What Native Agentic Large Models Are—and Why They Matter
Native agentic large models are AI systems designed from the ground up for autonomous workflow execution, able to understand goals, plan multi-step task completion, interact with tools, and verify results without constant human prompting, which marks a shift from chat-focused language models toward AI that can reliably complete extended, real-world work. Unisound’s newly released U2 model is a clear example: it is introduced as a native agentic large model built for individuals, developers, and organizations, with a design focus on “high intelligence density × high Token value” instead of raw parameter counts or long outputs. Rather than optimizing for single-turn answers, U2 concentrates on continuous execution, aligning each call with movement toward a deliverable result. This orientation turns the model from an answer generator into an execution engine that fits more naturally into everyday workflows, from office documents to software development tasks.
From Tool-Calling Agents to Native Agent Architecture
Traditional agent setups bolt agent behavior onto a base language model through external frameworks: the model is prompted to call tools, while planners and controllers run outside it. A native agent architecture works differently. In models like U2, task understanding, decomposition, planning, tool use, and result validation are trained into the model’s internal behavior and updated as one system. Unisound describes U2 as “a native agentic large model built for task execution,” supported by an Agent-Harness collaborative training approach in which the surrounding execution layer and the model co-evolve. The harness optimizes task execution chains based on U2’s characteristics, while successful trajectories feed back into training, strengthening long-chain execution skills. This tight loop means agentic large models can move beyond reactive tool-calling and start to behave as integrated problem solvers that can own an entire workflow end to end.
Autonomous 100+ Step Workflows and Hybrid Thinking
The major leap of native agentic models is reliable, multi-step task completion at real-world scale. Unisound reports that U2 can “autonomously decompose and advance complex workflows of 100+ steps,” connecting requirement understanding, task planning, environment interaction, tool use, process correction, and result validation into a complete execution loop with no human in the middle. To support such long chains without ballooning cost or latency, U2 uses a Hybrid Thinking mechanism that blends latent reasoning with selective explicit Chain-of-Thought. Early in a task, U2 explores and plans mainly in latent space; when it reaches critical decisions or complex constraints, it switches to explicit, readable reasoning for calibration and verification. Techniques such as Bounded Latent Rollout and Entropy-aware Switching help the model return to explicit reasoning when uncertainty rises, aiming for “fewer Tokens, deeper thinking” while keeping complex workflows under control.
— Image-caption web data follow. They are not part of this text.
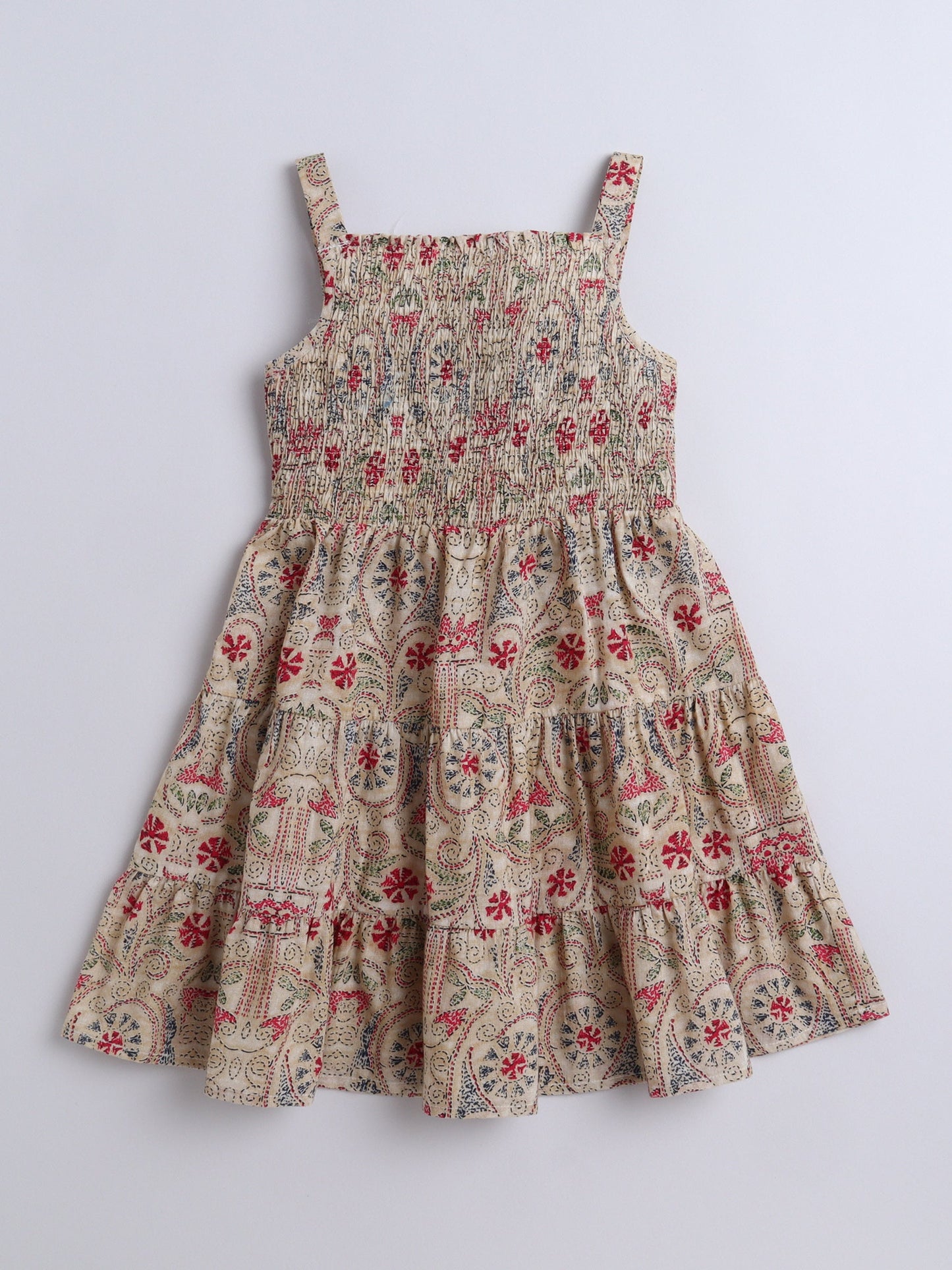 The Magic Wand Strappy All over Printed Smocked Cotton Dress - Beige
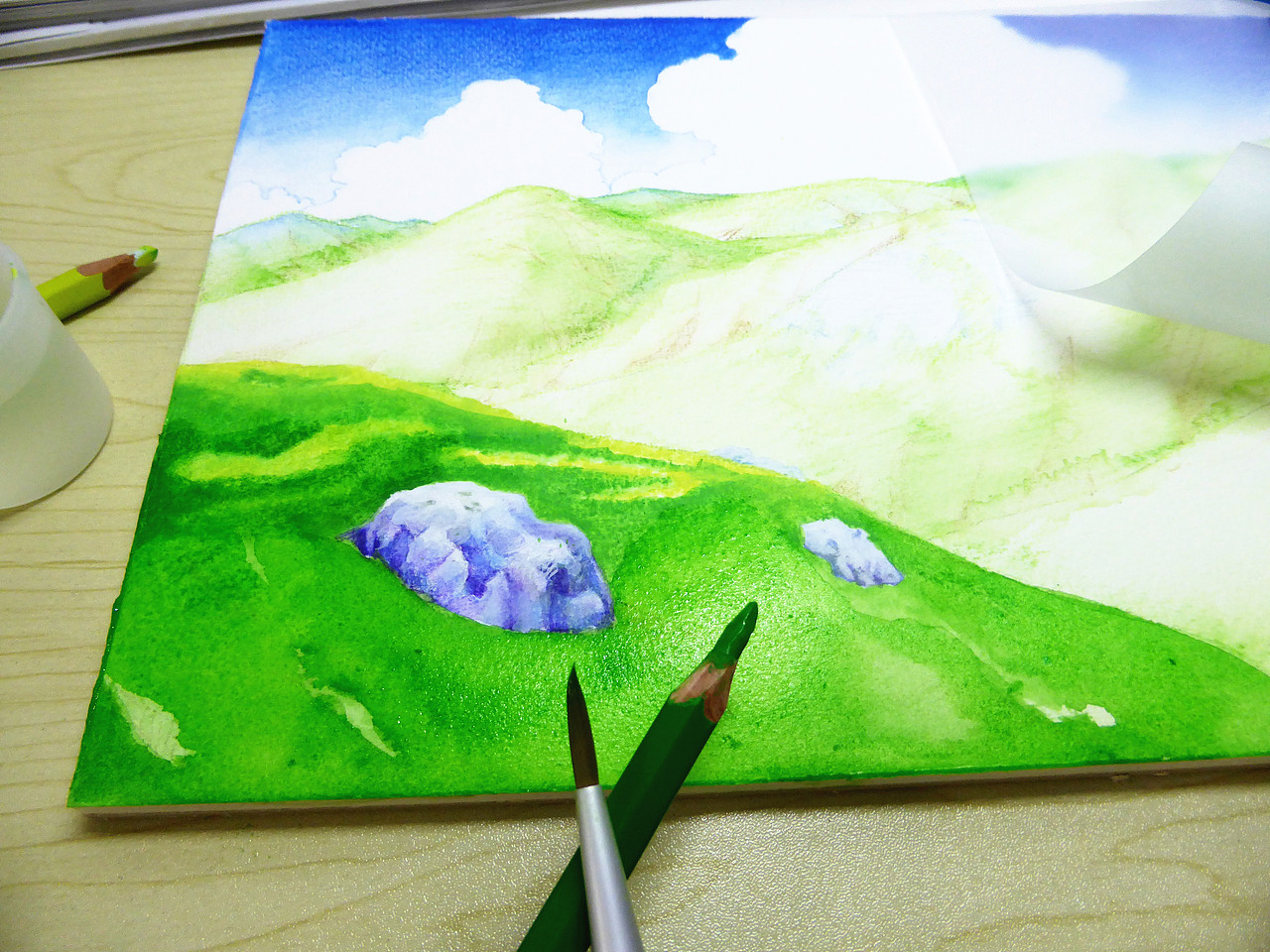 原创作品纯艺术绘画榊雪兔不透明水彩 |《魔女宅急便》场景197风景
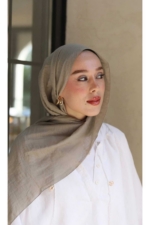 Neo Cotton Hijab Shawl in Antique Beige - Soft Lightweight Wrap Scarf for Women - Image 6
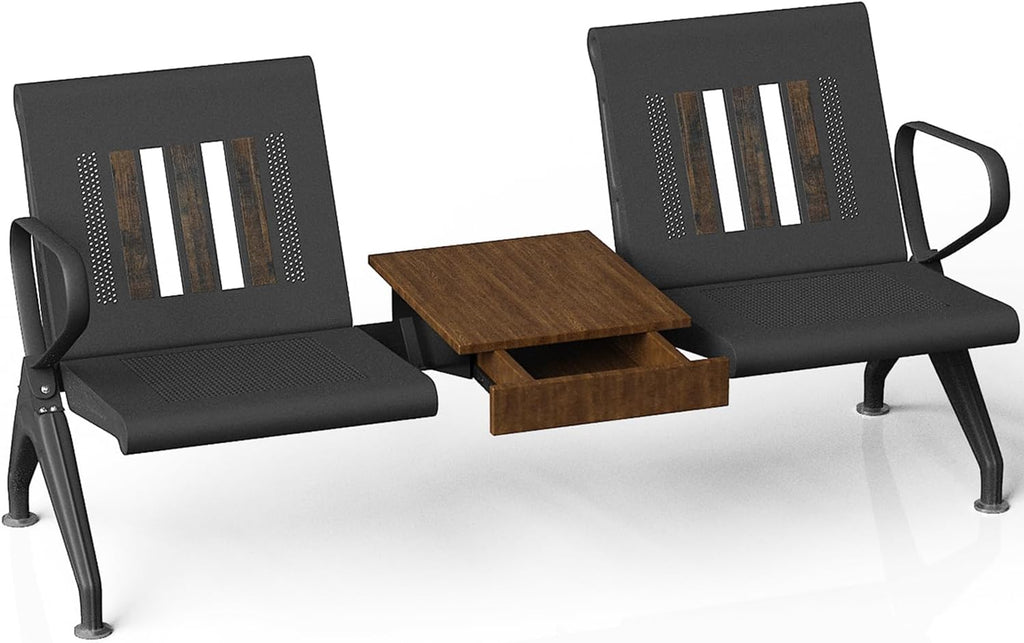 wonline Waiting Room Chairs 2 Seat w/Table, Waiting Room Chairs with Arm, Office Furniture Lobby Conference Reception Bench Office Guest Seating for Clinic Airport Hospital Barber Salon Bank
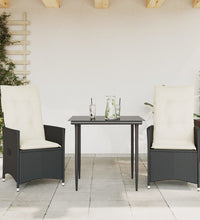 Gartensessel mit Kissen 2 Stk. Verstellbar Schwarz Poly Rattan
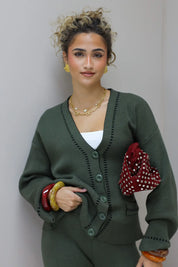 Gebreid Vest Knopen V-Hals Khaki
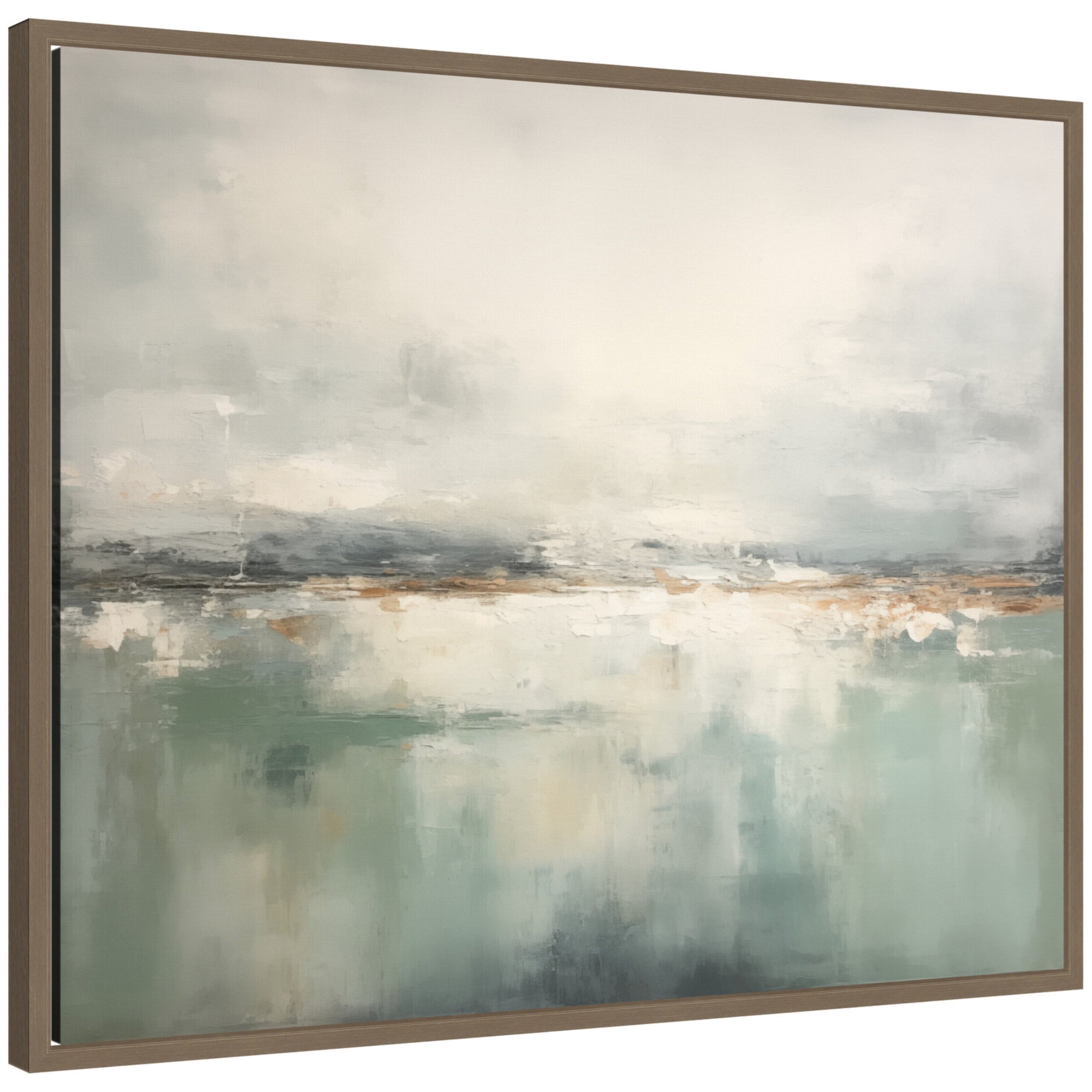 Subtle Abstract Gray Green Horizon by The Creative Bunch Studio Framed Canvas Wall Art Print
Evidence That Agentic Models Can Deliver Work, Not Just Answers
Agentic large models promise a lot, so benchmark results are a key way to judge whether they can deliver. On knowledge and reasoning, U2 scores 87.9 on GPQA Diamond, placing it among leading models on difficult questions. On software engineering, it scores 75 on SWE-Bench Verified, indicating strong real-world coding capability. On Claw-Eval, an end-to-end agent execution benchmark, U2 records 76.9 pass@3, and on GDPval—focused on office and knowledge-work delivery—it scores 72.9. According to Unisound, “U2 does not win through a single isolated capability. Instead, it delivers systematic performance across reasoning, coding, Agent execution, and office delivery.” These results support the claim that native agent architectures can integrate planning, tool use, and validation well enough to produce complete outputs such as reports, spreadsheets, and bug fixes in complex, realistic settings.
Implications for Enterprise Automation and Developer Workflows
As native agentic large models mature, they are set to change how organizations think about automation and digital work. In enterprise settings, models like U2 can take on extended office workflows: analyzing long documents, drafting structured reports, updating spreadsheets, generating charts, and assembling slides within a single, continuous run. For software teams, strong performance on SWE-Bench Verified suggests that multi-step coding tasks—reading issues, editing code, running tools, and validating fixes—can be handled by an AI that maintains state across 100+ steps. The same native agent architecture can support multi-tool collaboration, deep research projects, and other tasks that span hours rather than seconds. Instead of wiring together many narrow scripts, teams can delegate whole outcomes to an agentic model that plans, executes, corrects errors, and checks its own results inside one integrated loop.